Although I’m not to proud of it now, I have to admit that when I was in college I helped numerous people who had more money than brains by “helping” them write term papers that I’m sure their professors would have probably thought crossed the line into outright writing their papers for them. IParadigms claims that, “Students themselves report that unchecked cheating and plagiarism by others undermines their own efforts and educational enthusiasm,” but most of the good students I knew were more cynical about the overall lack of academic rigor and didn’t feel that much guilt in helping people bend the rules in their classes (to put it another way, what does it matter if I help someone get a B when they’re going to get a C just by showing up and breathing?)
Anyway, leaving my bit of true confessions behind, the problem with the iParadigms approach is that as the amount of published works on the Internet keeps expanding, the usefulness of the sort of brute force comparison iParadigms is doing is going to lose its usefulness.
Consider a college freshman writing his first paper on Shakespeare’s MacBeth. How many tens of thousands of articles and papers are there going to be about MacBeth available on the Internet? Sure if somebody is dumb enough to just cut and paste wholesale you’re going to catch them, but most of the people I knew who were chronic cheaters were far more sophisticated than that and were perfectly capable of taking a paper written by someone else and modifying it and rearranging it to more closely mimic how they would write the paper if they could be bothered.

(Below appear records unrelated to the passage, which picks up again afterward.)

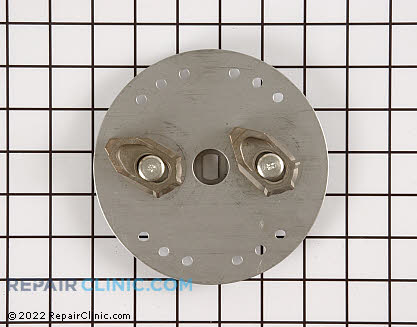 Shredding Plate 4211631 Main Product View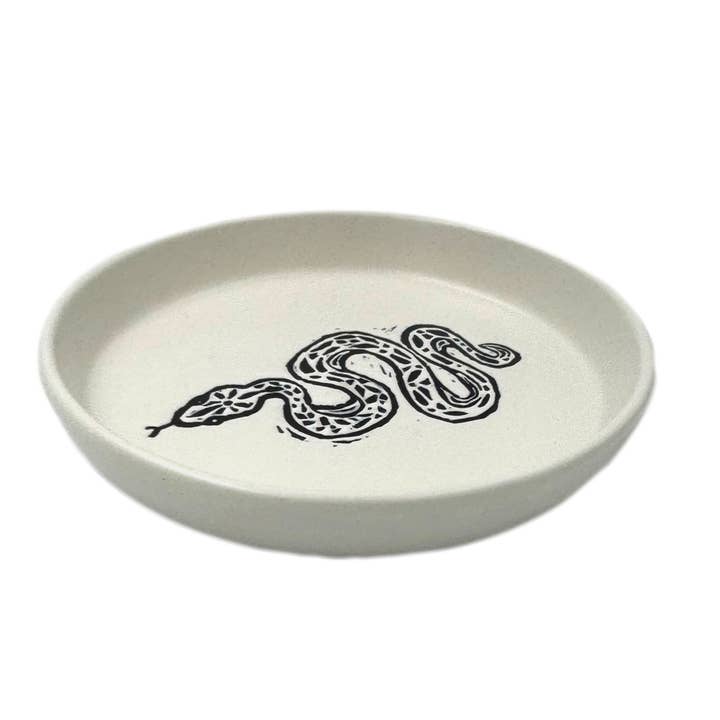 SNAKE TRINKET DISH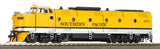 97820 SP KM ML4000 #9022 in D&RGW Patch Paint (HO-Scale)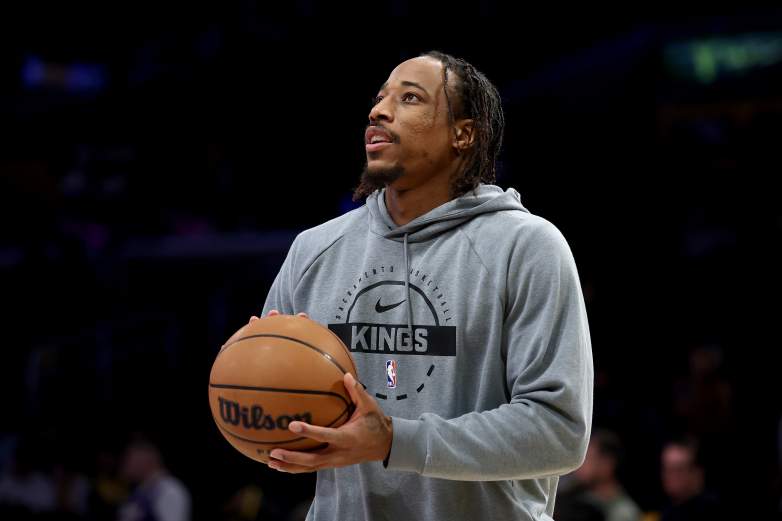 Demar Derozan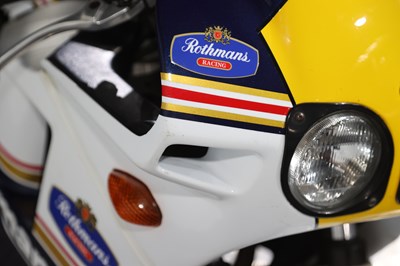 Lot 1988 Honda CBR400RR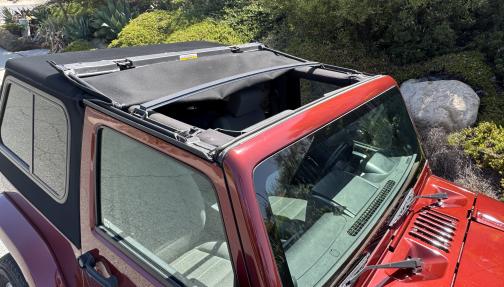 2007 Jeep Wrangler Sahara
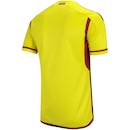 Camisa Colômbia I 2022/23 adidas - Masculina - Foto 9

Using something like statistical sampling to test for originality is a great idea when you’ve got a relatively small number of documents to deal with, but when you start comparing a very small body of work, such as a single paper, with a huge document base of 1.4 billion and rising documents on the Internet (using Google as a measure for the moment), the risk of a false positive will likely be unacceptably high. Imagine what it will be in 5 or 10 years when we could very well be measure the number of discreet documents indexed by search engines in the tens of billions.